Warfare and consumer culture

The two stories that lead this week's section zoom in on a couple of consumer trends that are each difficult to spot - for very different reasons.

One reminds us that warfare spurs advances in high-tech that can worm their way into daily life.

The other reveals how one in-your-face facet of daily life - the barrage of marketers' messages - can seep into the politics of war.

First, a look at nanotechnology, the manipulating of atoms and molecules to create new materials, even microscopic tools.

Two years ago, writer Kelly Hearn covered a congressional hearing where an Army general described a nanotechnology-based armor he said would ultimately emerge. As thin as paper, it would supposedly stop a .38-caliber bullet fired at point-blank range.
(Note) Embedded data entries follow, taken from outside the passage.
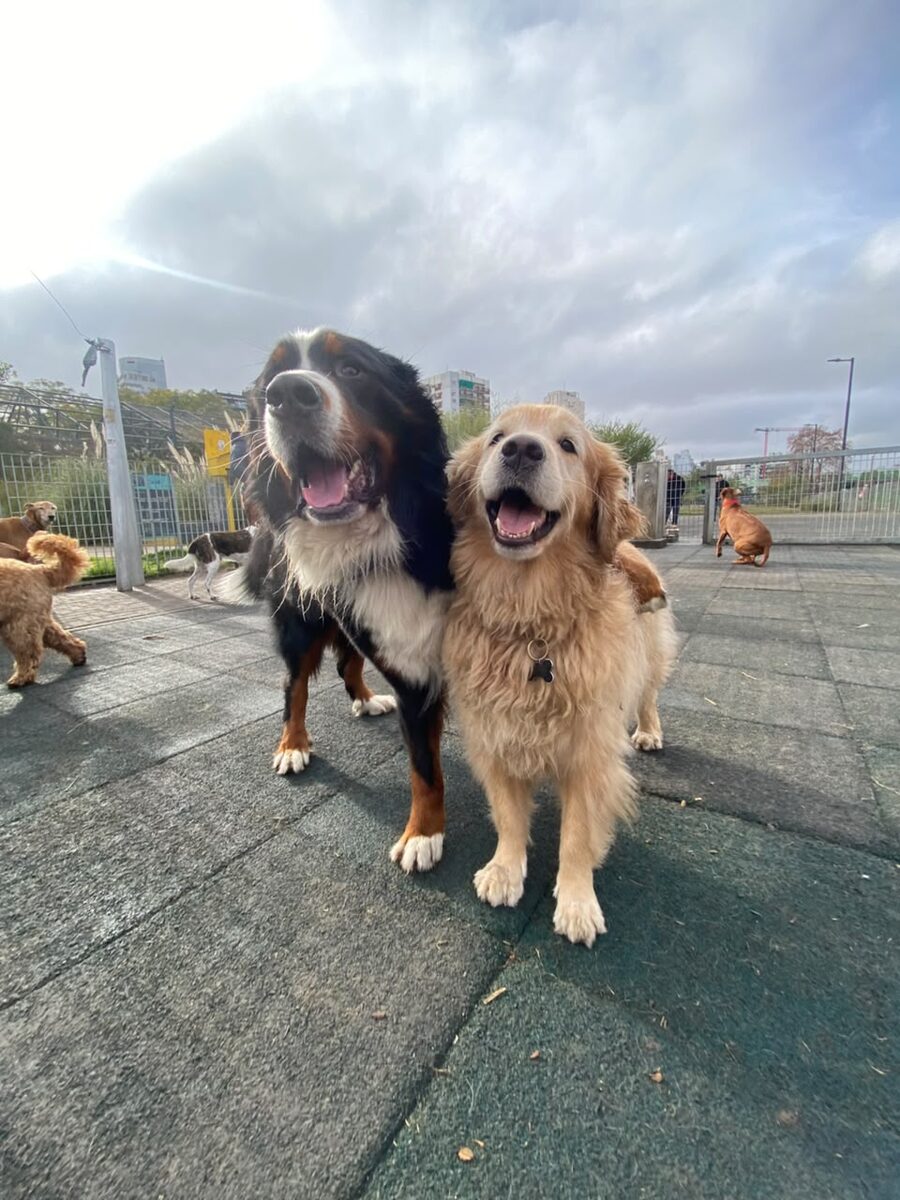 Perros disfrutando una salida en el parque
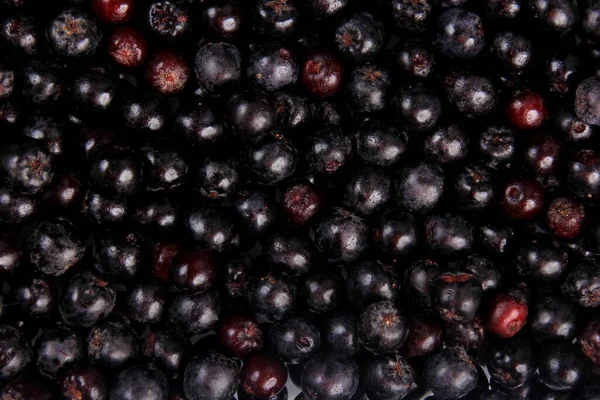 Latar Belakang Chokeberry Hitam Segar Black Aronia Latar Belakang Berry — Stok Foto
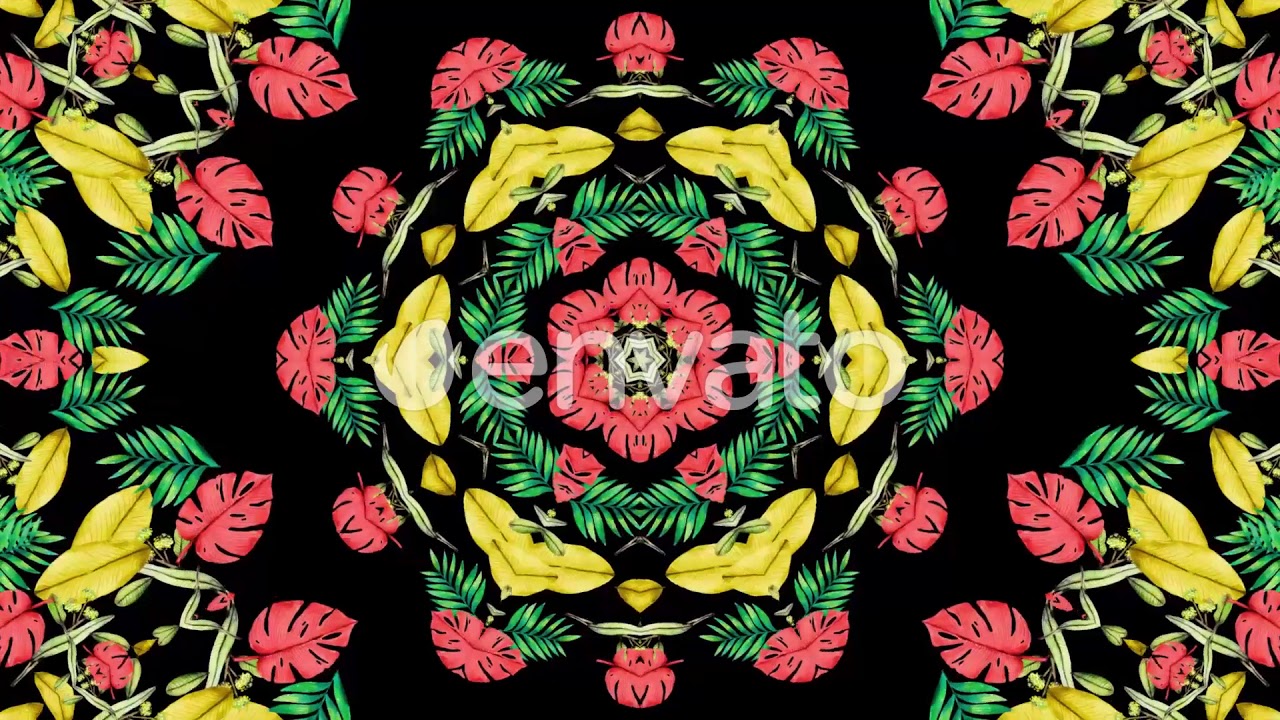 Colorful Tropical VJ Pack
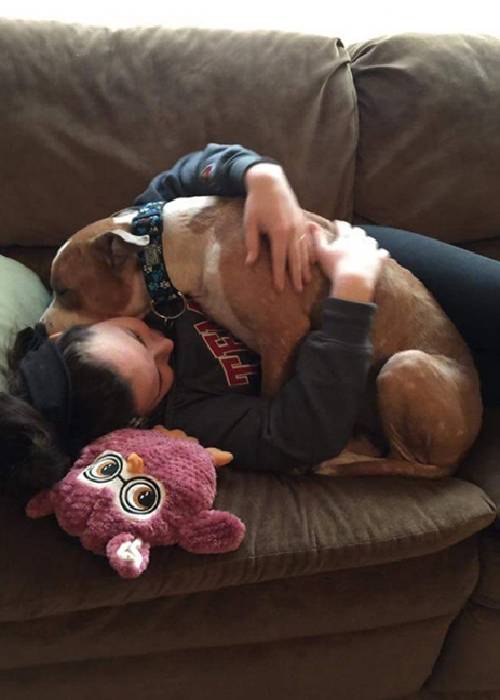 Cachorro é resgatado de uma jaula e se agarra a sua nova mãe para que ela não o deixe cachorro-e-resgatado-de-uma-jaula
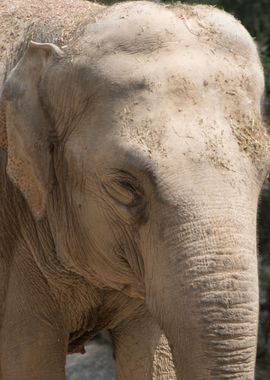 elephant in the jungle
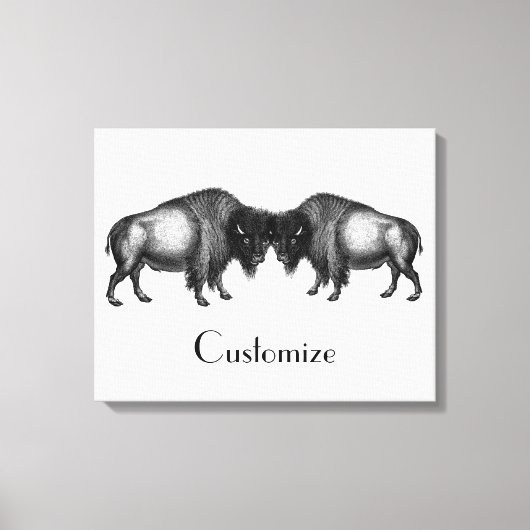 Big Bison Buffalo Thunder_Cove Leinwanddruck (Vorderseite)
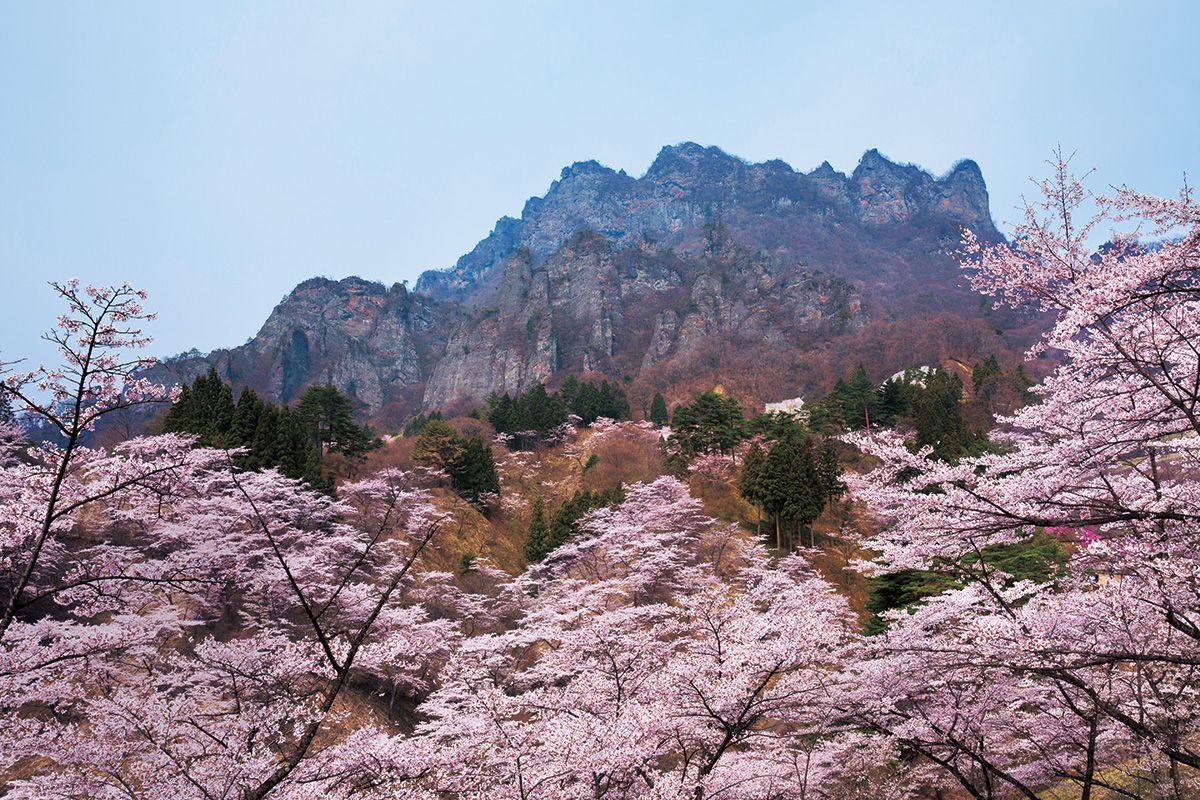 作家・五木寛之さん特別寄稿「ふたたび桜の季節に」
Unless it's now making some top-secret debut, the armor is not being used by our forces in Iraq. But Defense Department funding aimed at enabling such breakthroughs has spurred advances in car manufacturing, water filtration, sports gear, and many other areas.

In our second lead piece, consumer writer Noel Paul tracks Washington's moves to "brand" the current conflict in the months before its launch.
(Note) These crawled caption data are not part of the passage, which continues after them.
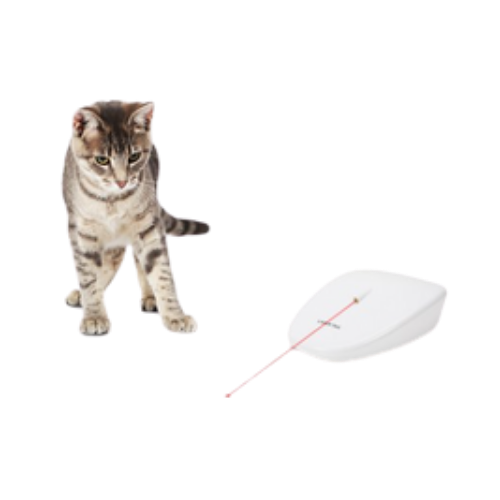 PetSafe Laser Tail Cat Toy 
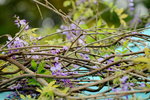20032015_Hong Kong Flower Show_繁花似錦00052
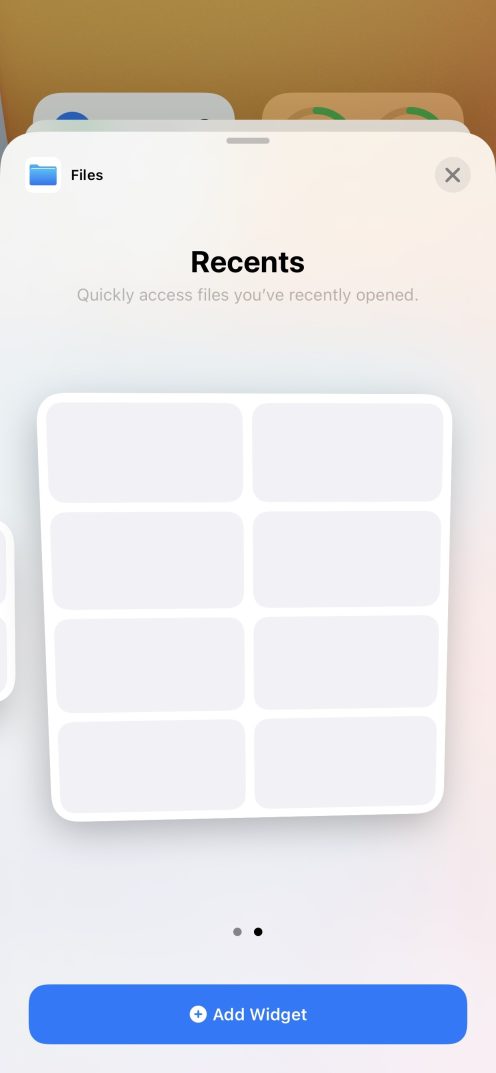 files widget2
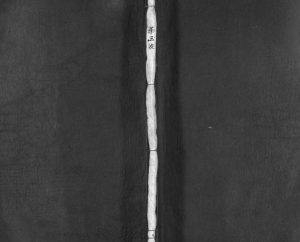 1912年重修天水郡赵氏宗谱[不分卷]浙江平阳赵姓电子版族谱下载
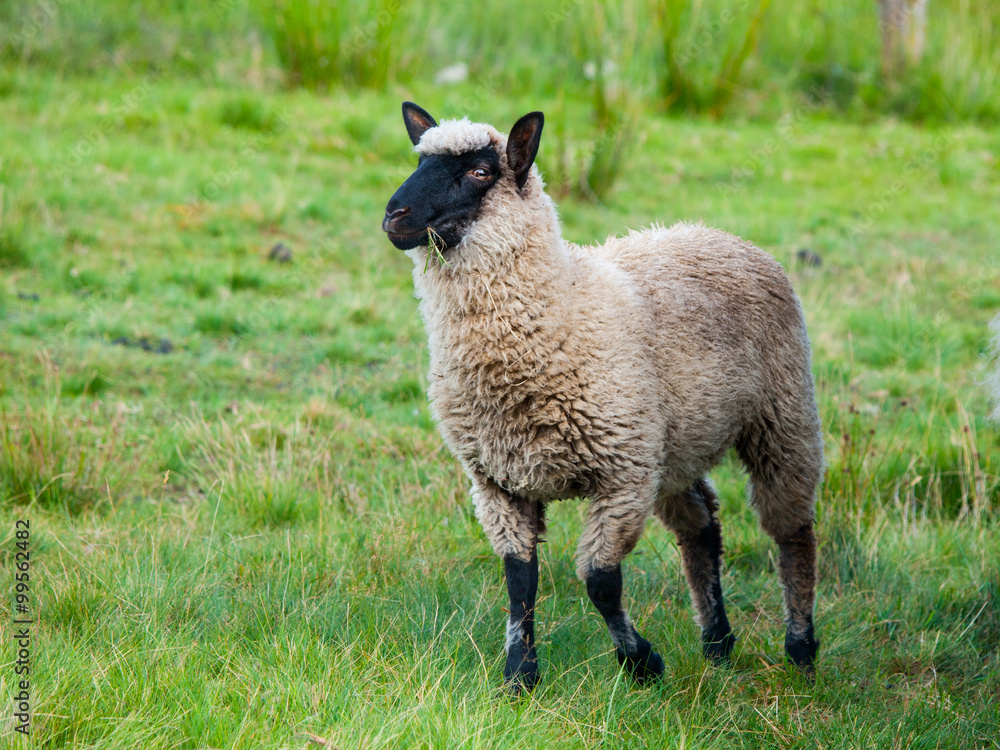 Naklejka premium Black-faced Suffolk sheep on pasture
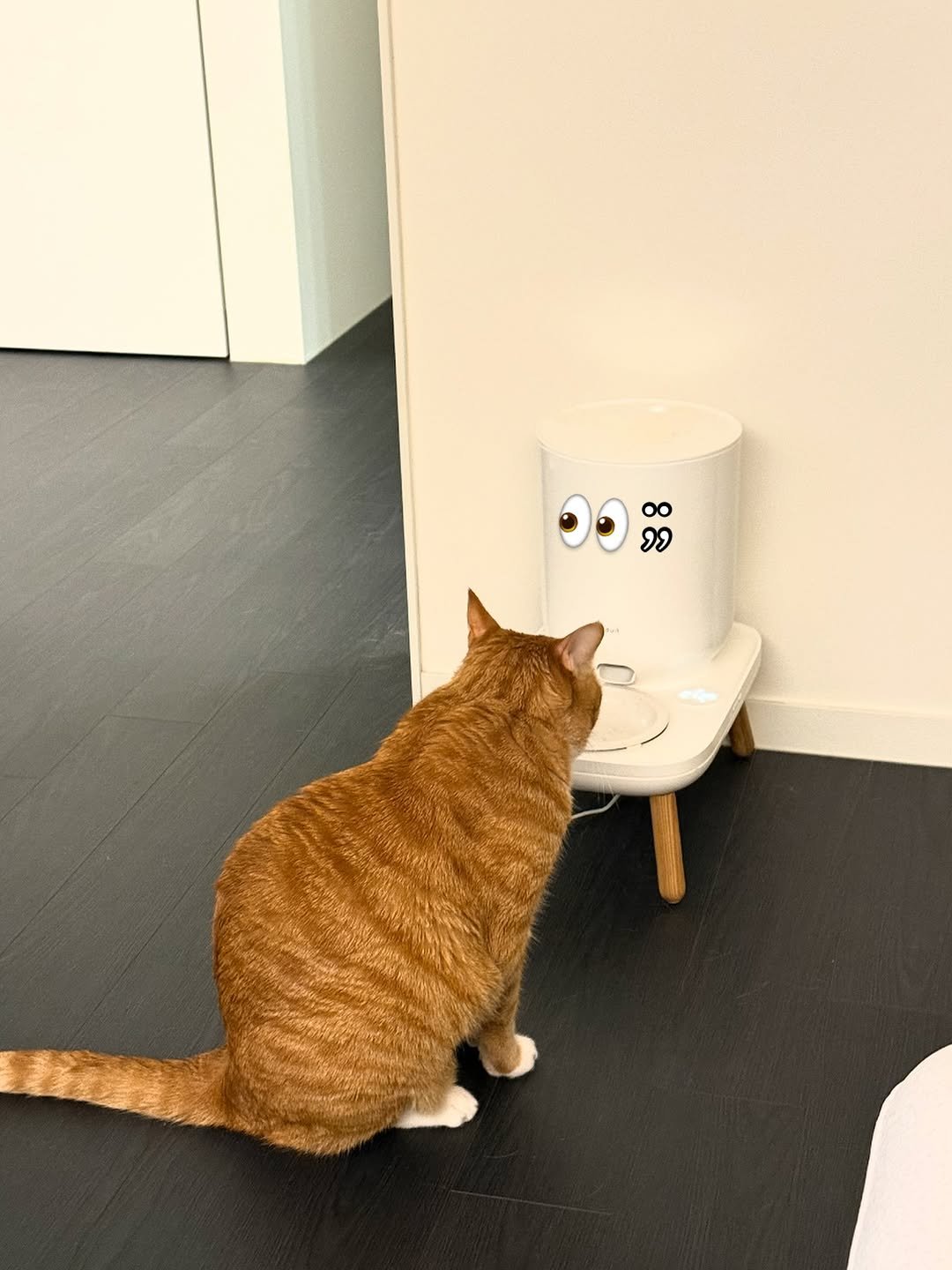 Photo by 냐뮤 on August 14, 2025. May be an image of Abyssinian cat, kitten and text.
Not to be too reductionist about it, the US needed to replace an old "product," containment of Iraq, with a new one, Iraq's reinvention.

The Bush administration pitched its cause sometimes as an issue of disarmament, sometimes as one of a needed "regime change," and sometimes as both. It watched polls while doing what it felt it had to do politically.

We asked some marketers for an assessment of that campaign. With the benefit of hindsight, they found some room for improvement.